Developing nations hold the key to Copenhagen climate agreement
Rich nations still hold some bargaining chips, but many negotiators and observers say key decisions by poor and emerging nations will make or break any deal.
By Jim Tankersley | The Los Angeles Times
A speaker discusses climate change at the Copenhagen summit. U.S. negotiators spoke optimistically about reaching a deal. (Kay Nietfeld / European Pressphoto Agency / December 15, 2009)
Reporting from Copenhagen - The world's poorest and fastest-growing developing nations appear, increasingly, to hold the fate of a new climate agreement in their hands. The choice they face is, deal or no deal?
As the Copenhagen climate summit barreled into its penultimate phase Tuesday, wealthy countries ramped up pressure on emerging economies China and India, as well as African and island nations, to compromise and drop near-daily procedural tactics and protests that have slowed the negotiations.
Rich nations still hold some bargaining chips, chiefly how much money they're willing to commit to help developing countries adapt to climate change and shift their energy sources over the long term.
A collapse in negotiations would trigger a blame game in which developing nations brand the United States and the West in general as the villains. Still, many negotiators and observers here say most of the key decisions that will seal or scuttle an agreement rest with poor and emerging nations.
China and India, whose booming economies are projected to account for much of the world's emissions growth in coming decades, must decide whether they can accept the two conditions the U.S. calls fundamental to an agreement: that all nations make their carbon dioxide emissions reduction pledges clear and that they allow the world to verify that the pledges in fact are met.
Africans and island nations, for their part, must choose whether to accept greenhouse gas reductions for the developed world that are far weaker than the poor countries would like; scientists warn that the reductions proposed by wealthy nations might not be enough to spare the world's poorest nations from flood, famine and other devastating effects of climate change.
Inside the Bella Center, the venue for the negotiations, summit attendees with deep ties to the developing world diverged sharply on whether those nations would ultimately strike an agreement or walk away.
"Only a fool will tell you definitely they know what China's midnight position will be," said Peter Goldmark, who directs the climate and air program for the Environmental Defense Fund, a group that works closely with China.
Goldmark thinks China will ultimately hold its line and reject international emissions-pledge monitoring in any form, a move U.S. officials insist would kill hopes for a deal.
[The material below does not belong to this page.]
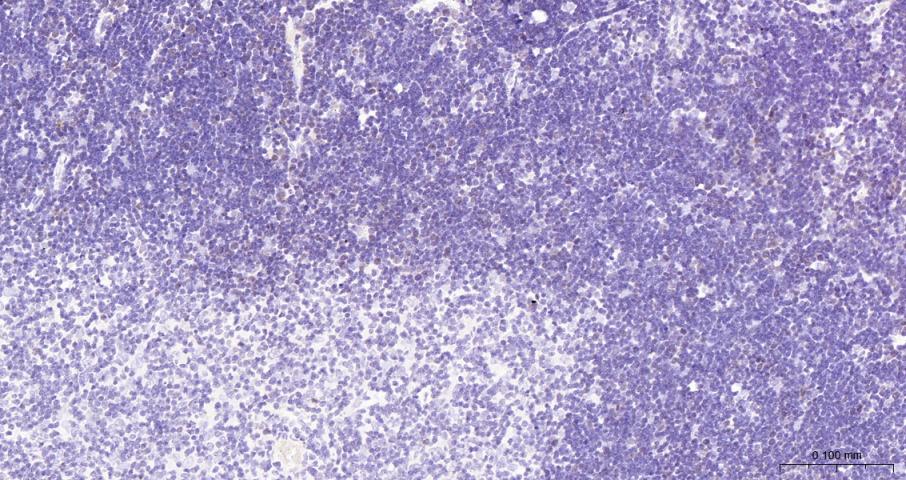 DNA甲基转移酶1重组兔单抗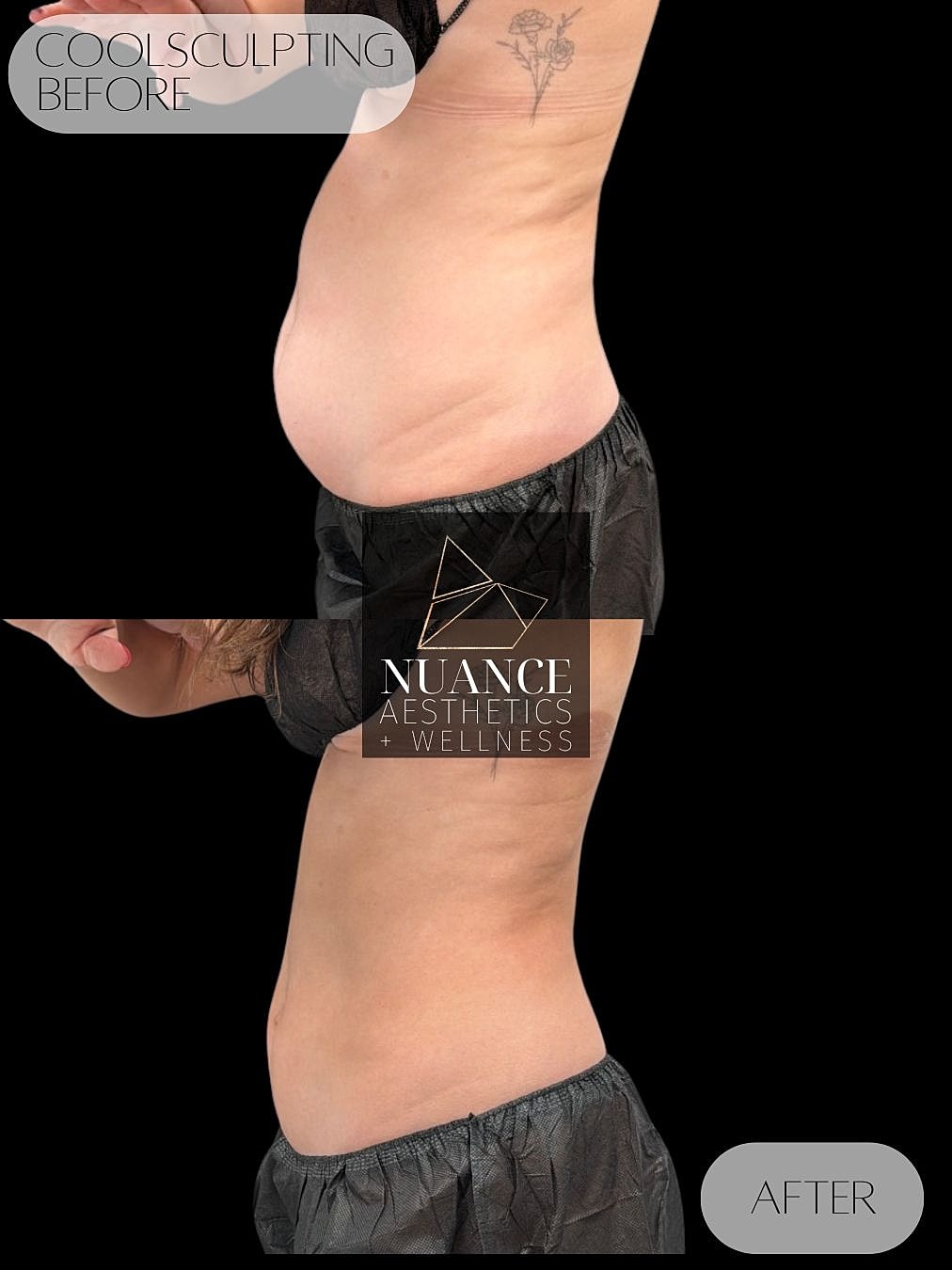 CoolSculpting® Before & After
Other groups say China, the world's largest emitter, does not want to risk blame if the talks fall through.
"They really want a deal," Keya Chatterjee, director of the U.S. climate change program for the World Wildlife Fund, said of the Chinese. "They really care what the world thinks of them."
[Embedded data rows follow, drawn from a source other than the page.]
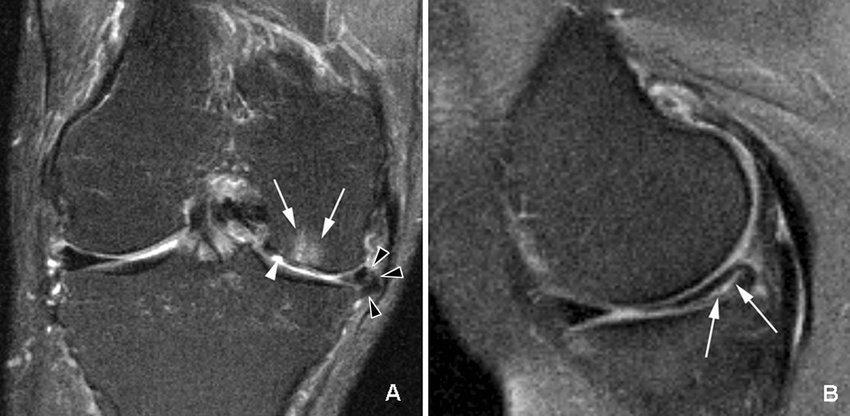 mri-for-meniscus-tear-and-cartiliage-loss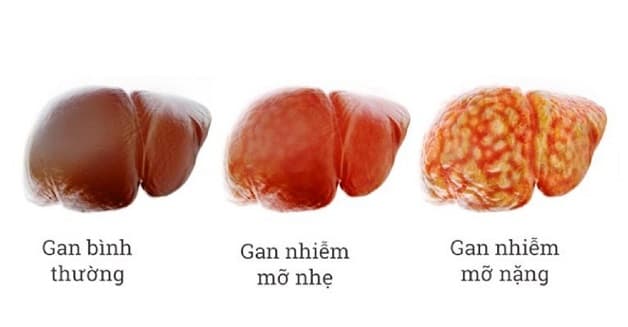 Gan nhiễm mỡ là gì?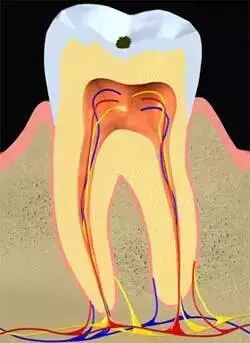 牙齿有多“黑”，会吞掉你上万块钱！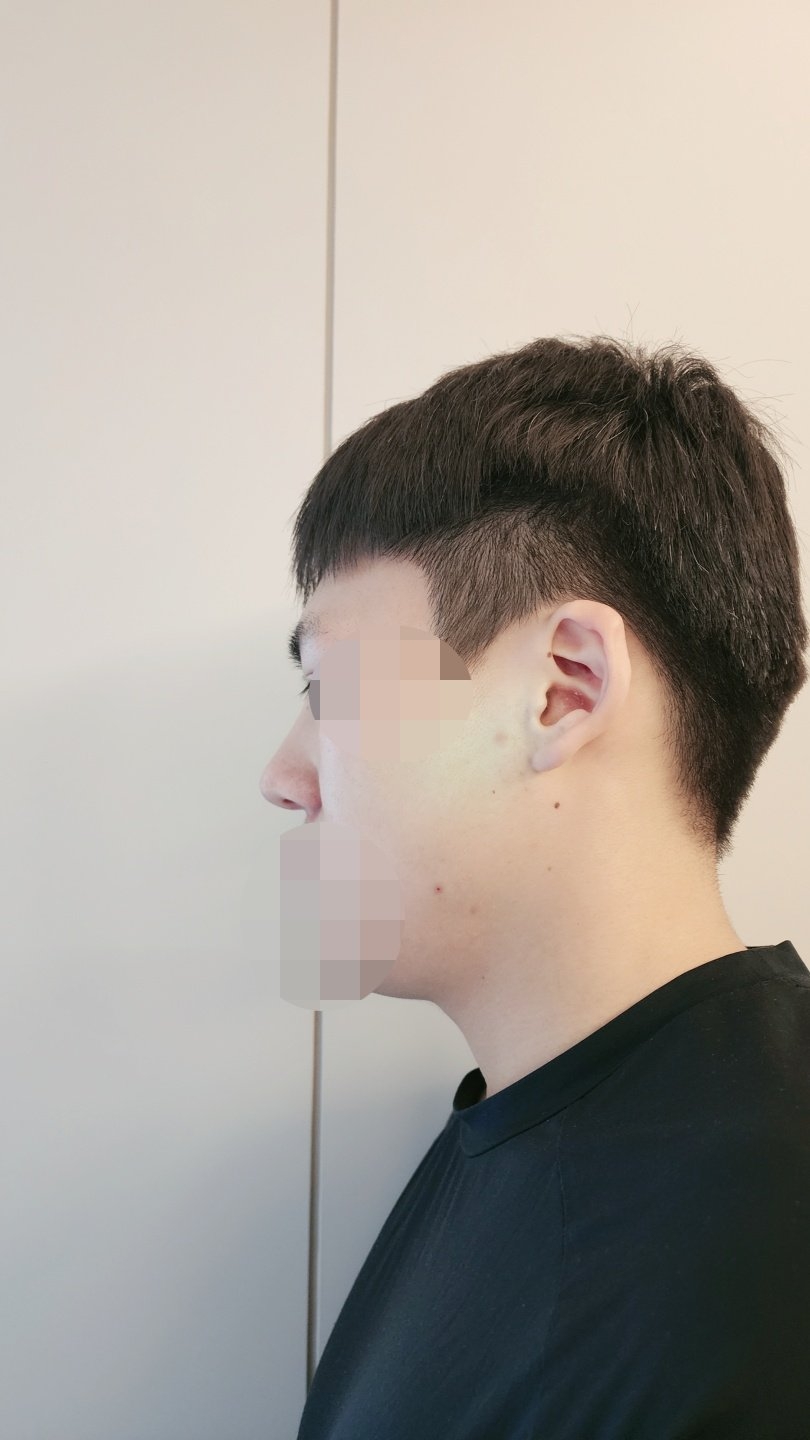 수술후기이미지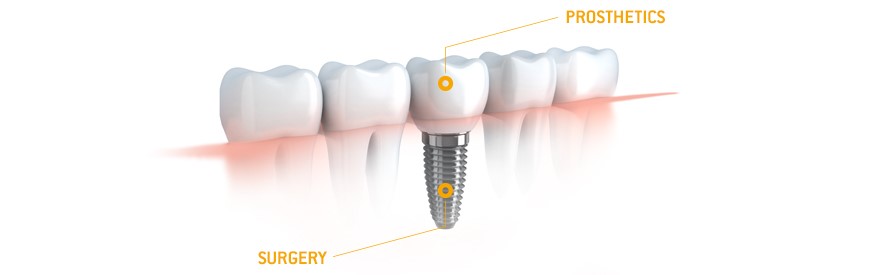We are the best dentistry for dental implants in Sydney.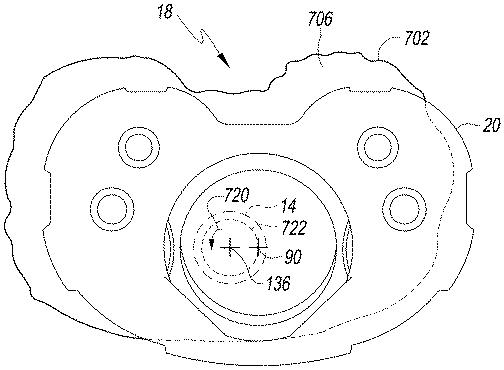 6433665-オフセットを設定するための脛骨の整形外科用手術器具 図000024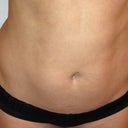 Day of the procedure 1/23/13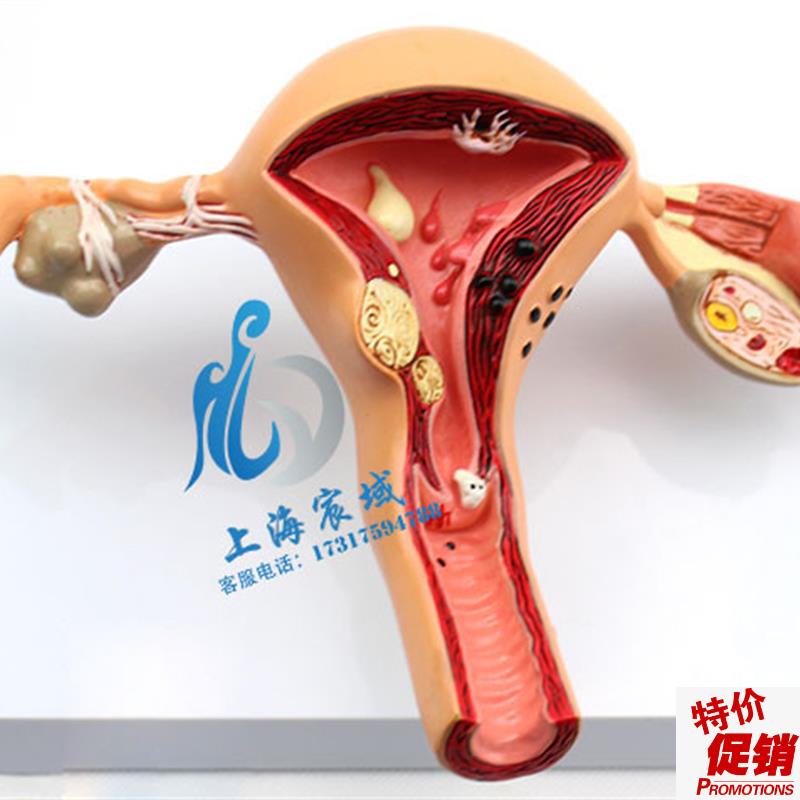 子宫卵巢病理病变模型生殖科女性内I外生殖器官模具教学病变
American negotiators sided with the optimists Tuesday. "I actually think we're going to get there with China," Todd Stern, the U.S. special climate envoy, told reporters. "But you know, I don't know for sure yet."
Leaders of the Copenhagen negotiations are aiming for a framework agreement, including costs and emissions reduction commitments, that would pave the way for a new international global warming treaty to be signed later, probably next year. If major emitters don't reach agreement in Copenhagen, observers say, international talks could be set back indefinitely, along with the Obama administration's climate bill in Congress.
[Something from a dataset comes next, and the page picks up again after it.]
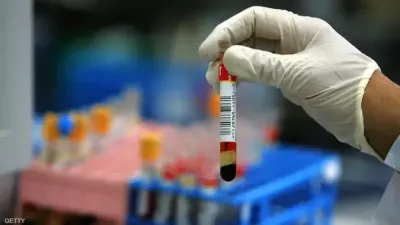 اخبار اليمن الان تحاليل ضرورية الأربعين اكتشفها بالنتائج اخبار اليمن الان الحدث اليوم عاجل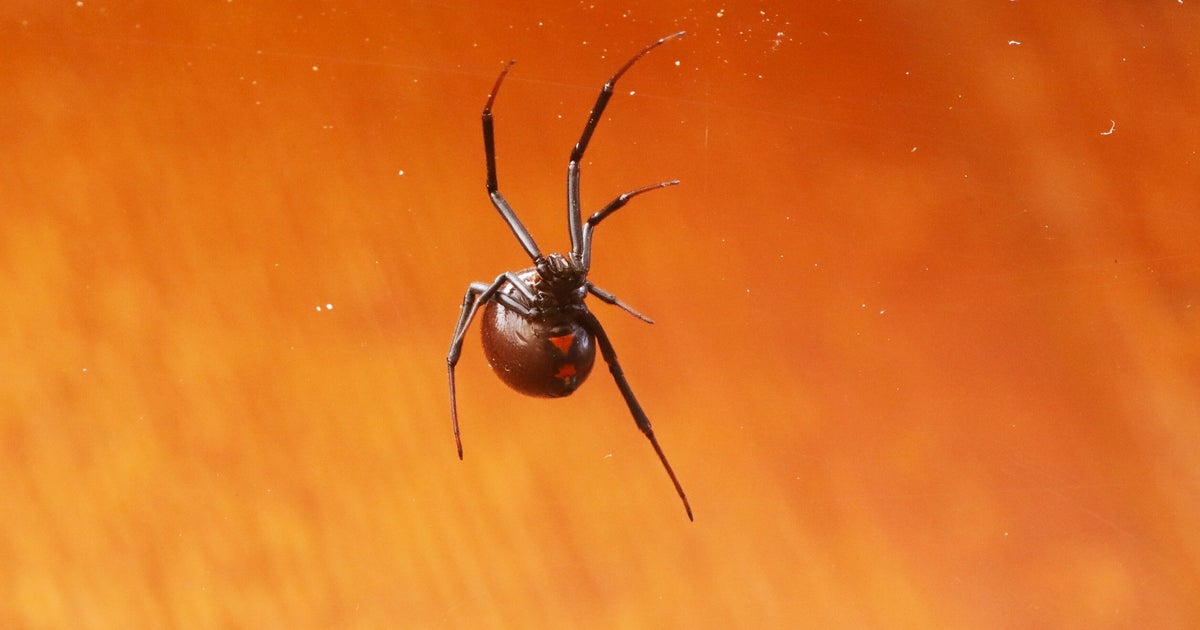 米ミュージシャン、毒グモに咬まれて脚が真っ赤に…⇨入院も翌日ライブ強行、コウモリに咬まれた過去も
Some environmental groups say the United States and its allies have given developing nations ample reason to shoot down an accord, by proposing emission cuts too light to avert the worst effects of warming; by failing to provide fiscal details of a long-term climate aid package to the developing world; and, in the case of Europe and many other economic powers, by not moving aggressively to extend the Kyoto Protocol, which sets emissions reduction targets with a process that gives developing nations a strong voice. (The U.S. never ratified the Kyoto treaty, which a Copenhagen pact would replace.)
Developed nations "are trying to bully around the poorest countries in the world, who will be most impacted by climate change," said Erich Pica, president of the environmental group Friends of the Earth.
Pica's group and others also criticized wealthy countries for what they called a pressure campaign to bring developing nations on board, including President Obama's calls Monday to the prime ministers of Ethiopia and Bangladesh to enlist their help in the climate negotiations.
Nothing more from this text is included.